Monday, 11 May 2015

Thrifty Business

In the run-up to the UK General Election 2015, I ended up writing so many similar posts on facebook on why Austerity doesn't work that I thought I'd turn it into a blog entry.

Nobel Prize-winning economist Paul Krugman has written an excellent piece in the Guardian about the Austerity delusion. He covers the historical developments over the past 5 years and provides evidence for a negative correlation between austerity and economic growth.

All I want to do is show why the common-sense argument of the analogy from thrift isn't correct.

 The thrift argument is that, if I'm in debt, I have to cut back on my own spending until everything's under control and I can (and have) paid it off.

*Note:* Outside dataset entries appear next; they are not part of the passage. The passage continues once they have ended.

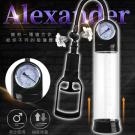 Alexander 壓力錶手動真空吸引助勃器(特)/8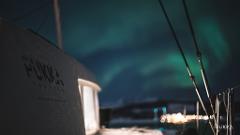 Lofoten: Northern Lights Sailing
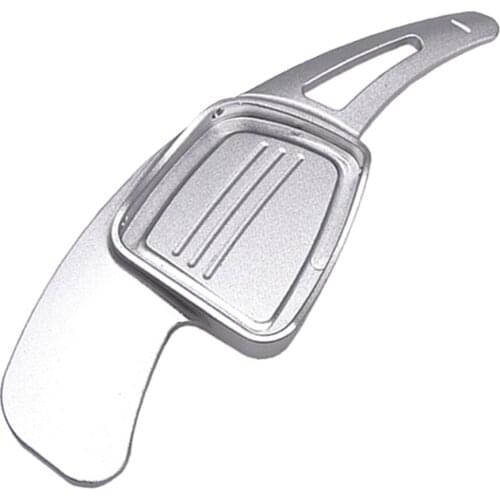 2pack Steering Wheel Shifter Paddle Shift Extension for Audi A4 B9 Q2 S3 TTS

[*]And that's the right thing to do, however, it's not the whole story. In reality what happens is that when you cut back to pay off your debt, the people you trade with lose income. In a sense, they're soaking up the imbalance of your finances, but it works, because they're only losing a little bit when you cut back by a lot. The key thing is that your income stays the same while your outgoings shrink (a lot), and their income shrinks (a bit) while their outgoings stay the same - so you're passing on your debt, they take a bit of a hit too.
And therefore, it won't work if everyone is simultaneously in debt. When everyone starts cutting back, everyone's income shrinks and so they become less able to repay their debts. That's what happens when governments enact austerity: the private purse shrinks, internal trade stalls (and this in fact is what happened - banks stopped lending and started calling in debts, which is why businesses failed) and if the government acts along with it by reducing its spending in accordance with its lower tax revenue, it just adds to the problem.

The right thing to do then, if private lenders won't lend, is for the government to provide the cash to keep the economy going - and that means public borrowing during a financial crisis. That's half of Keynesianism, in essence.

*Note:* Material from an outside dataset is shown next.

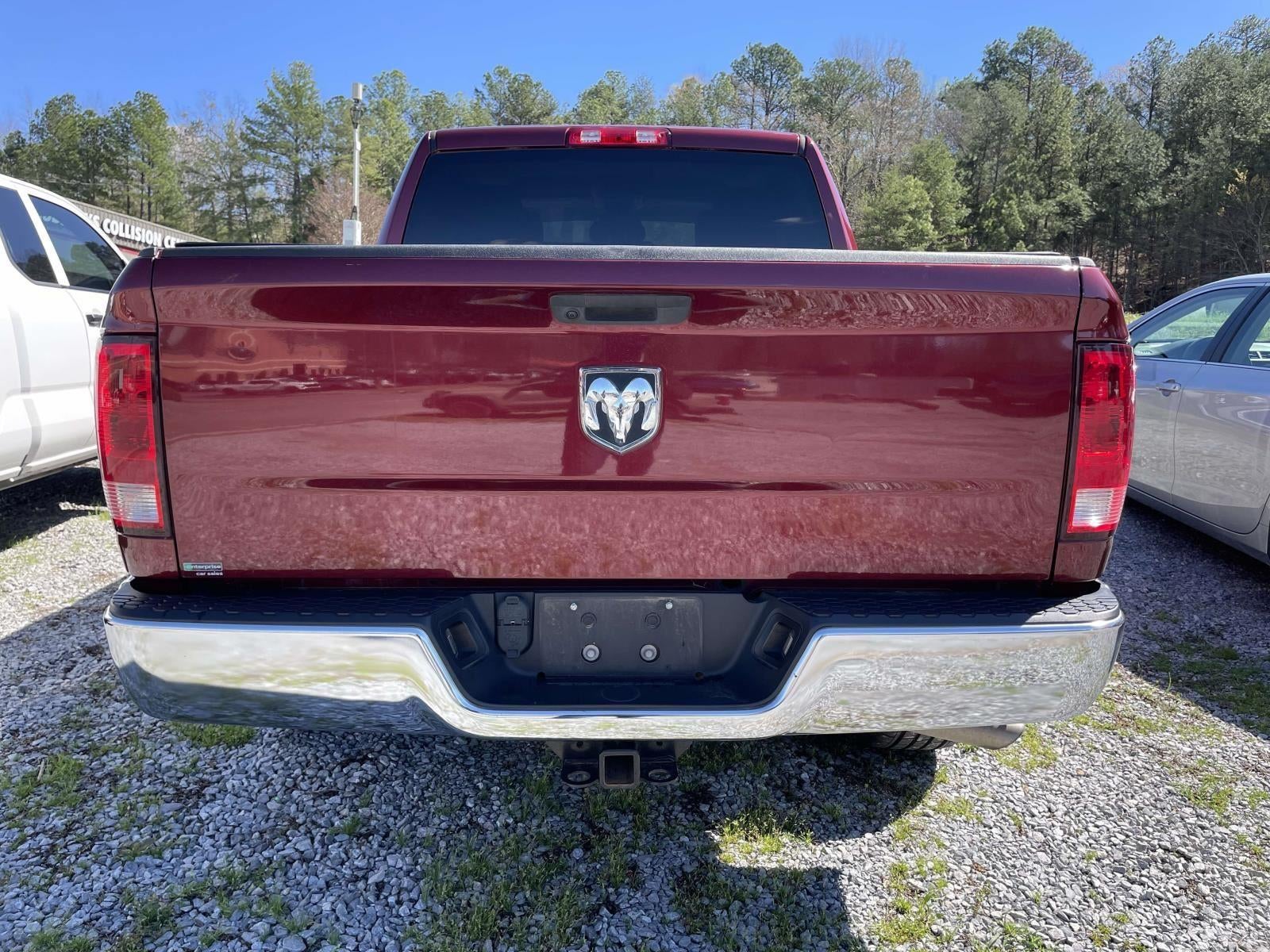 2021 RAM 1500 Classic Tradesman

Keynesianism, relies on another insight - that cash isn't a substitute for goods as we normally think, instead, cash is a medium for exchange. That is, cash operates as a pipe for transporting goods; the size of the pipe is the amount of cash we have, it determines the rate we can exchange and trade; it's not a representation of what we have.

So, if we go back to [*], we can see that's what's happening in the example. Your original debt is distributed across the entire system. It's the capacity of your input pipes (income+loans), which is the same as your output pipes capacity (spending), which determines the sizes of others' input pipes (income). When you cut back, the whole network capacity shrinks. Which is to say your debt was distributed everywhere all along. It's a really powerful concept to get one's head around, I've barely scratched the surface.